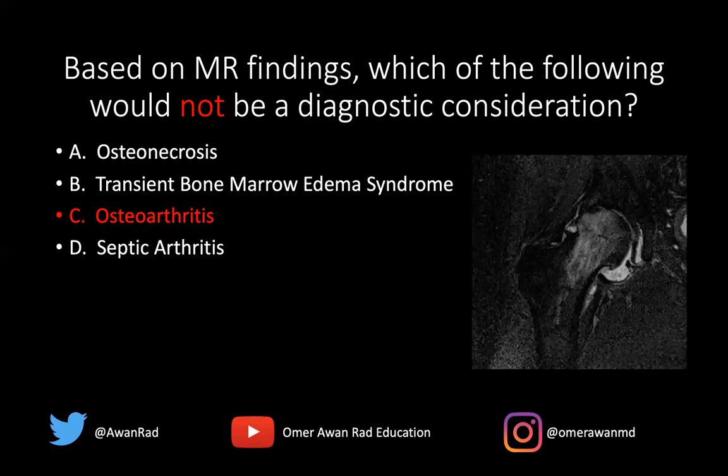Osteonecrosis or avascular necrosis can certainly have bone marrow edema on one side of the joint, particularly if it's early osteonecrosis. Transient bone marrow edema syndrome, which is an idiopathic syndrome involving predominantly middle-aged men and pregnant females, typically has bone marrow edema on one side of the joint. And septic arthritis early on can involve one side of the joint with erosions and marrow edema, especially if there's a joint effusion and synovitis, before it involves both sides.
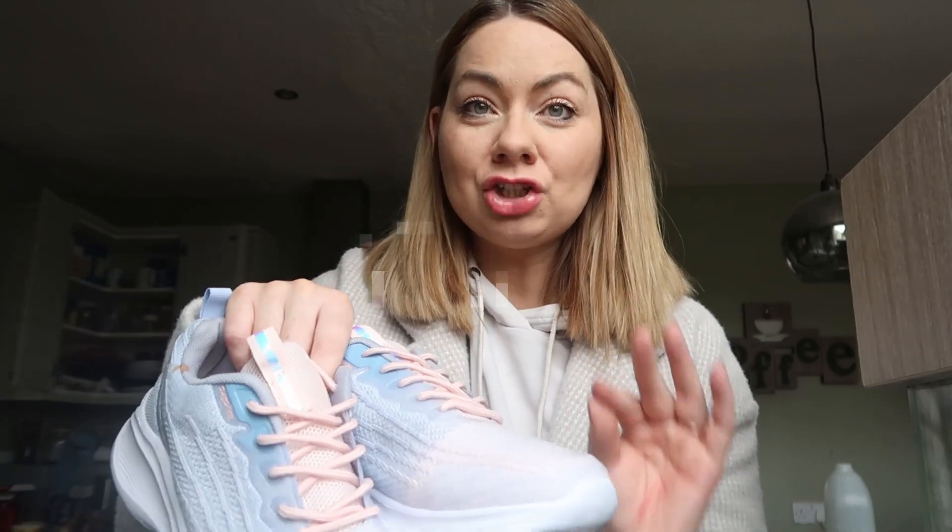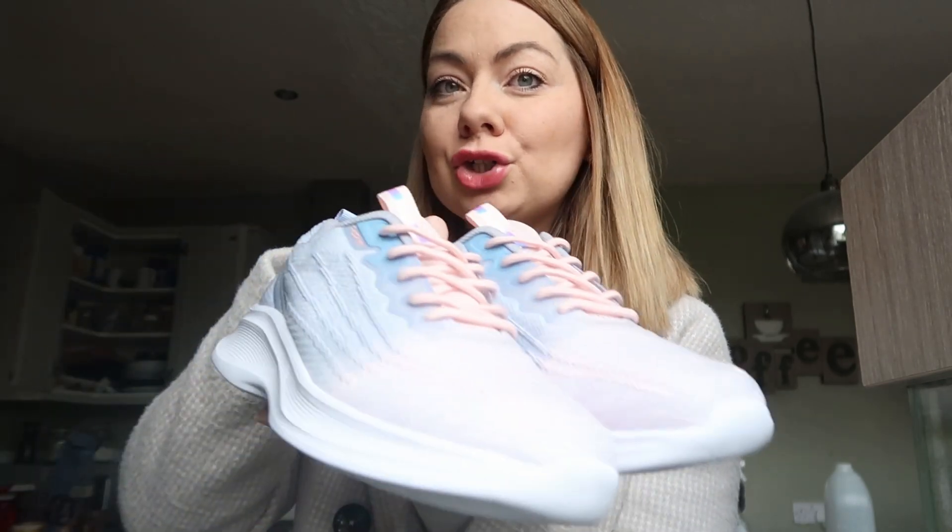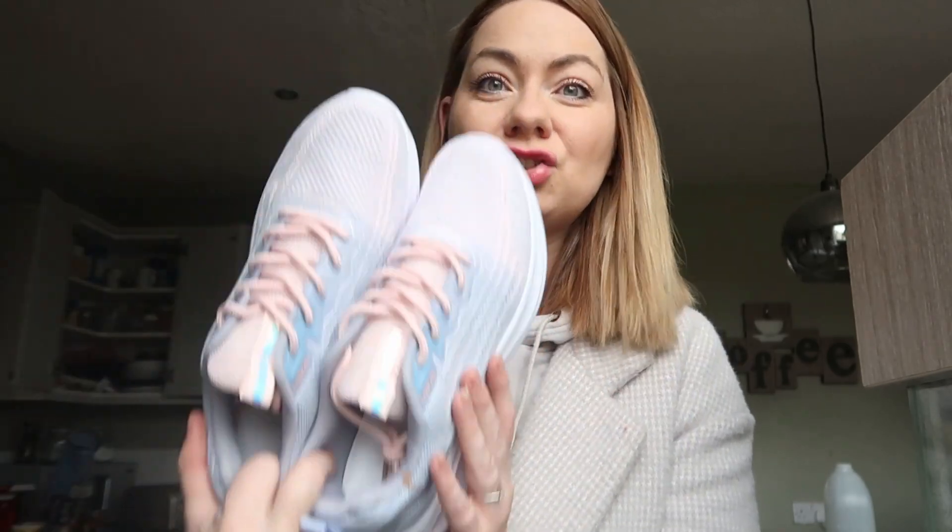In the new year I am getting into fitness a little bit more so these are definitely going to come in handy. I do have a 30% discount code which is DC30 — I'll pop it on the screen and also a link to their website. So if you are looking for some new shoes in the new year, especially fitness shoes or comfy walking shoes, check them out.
■ ■ ■ ■
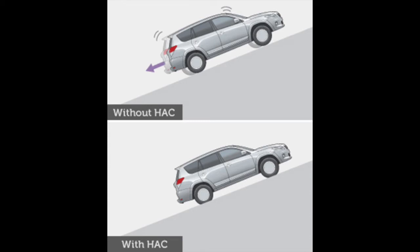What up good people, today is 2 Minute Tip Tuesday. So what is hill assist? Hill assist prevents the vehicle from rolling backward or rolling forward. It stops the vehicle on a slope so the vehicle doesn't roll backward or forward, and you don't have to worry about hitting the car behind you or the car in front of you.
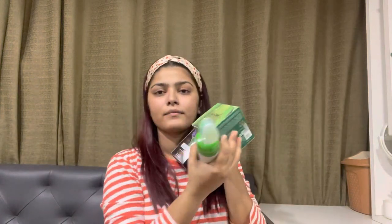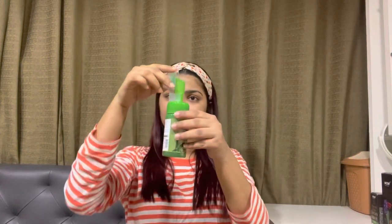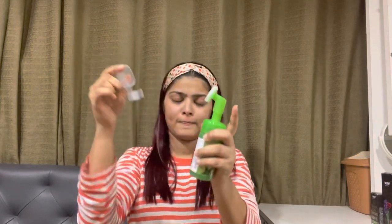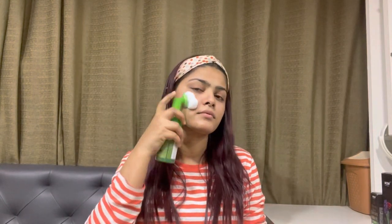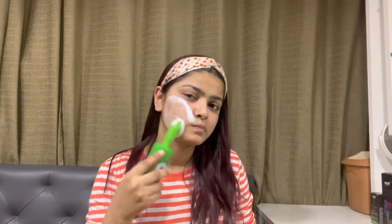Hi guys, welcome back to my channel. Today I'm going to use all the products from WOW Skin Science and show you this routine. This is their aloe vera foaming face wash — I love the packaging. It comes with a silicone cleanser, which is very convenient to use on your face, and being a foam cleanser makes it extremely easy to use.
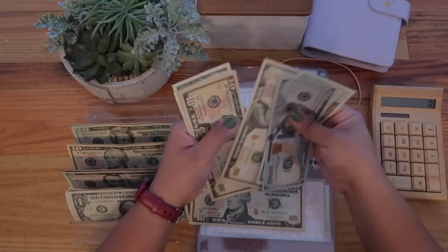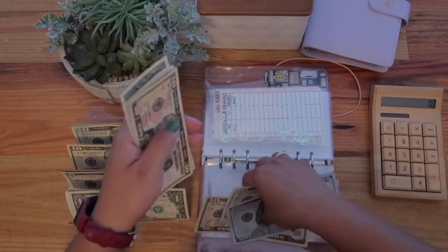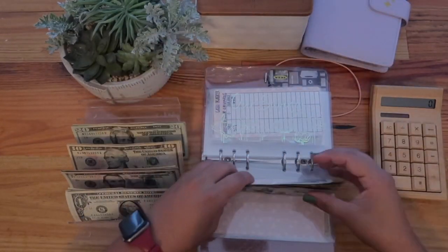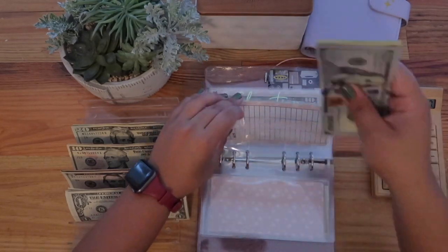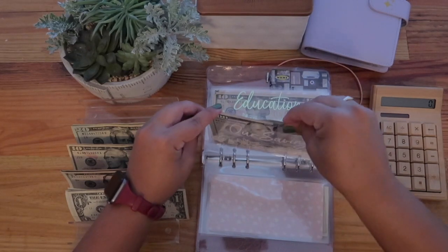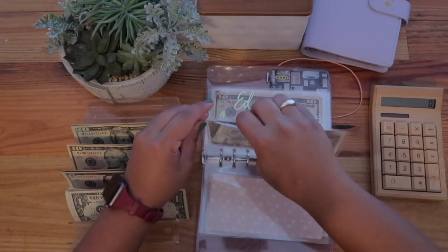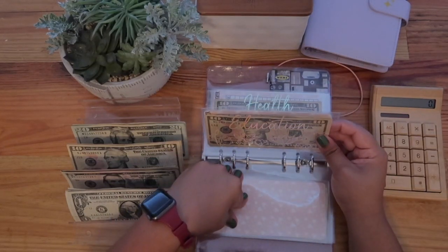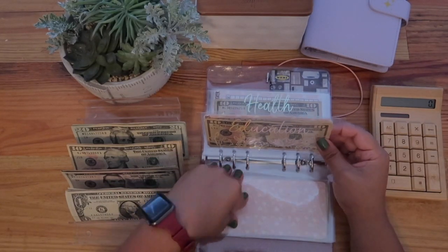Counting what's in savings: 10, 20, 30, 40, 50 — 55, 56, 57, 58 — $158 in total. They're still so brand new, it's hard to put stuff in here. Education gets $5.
■ ■ ■ ■
### Work instruction
Skipping the pictures, print the lines in the listing above exactly as written, starting at the line with "Osteonecrosis or avascular" and ending at the line with "In the new year I", both included.

### Written reply
Osteonecrosis or avascular necrosis can certainly have bone marrow edema on one side of the joint, particularly if it's early osteonecrosis. Transient bone marrow edema syndrome, which is an idiopathic syndrome involving predominantly middle-aged men and pregnant females, typically has bone marrow edema on one side of the joint. And septic arthritis early on can involve one side of the joint with erosions and marrow edema, especially if there's a joint effusion and synovitis, before it involves both sides.
In the new year I am getting into fitness a little bit more so these are definitely going to come in handy. I do have a 30% discount code which is DC30 — I'll pop it on the screen and also a link to their website. So if you are looking for some new shoes in the new year, especially fitness shoes or comfy walking shoes, check them out.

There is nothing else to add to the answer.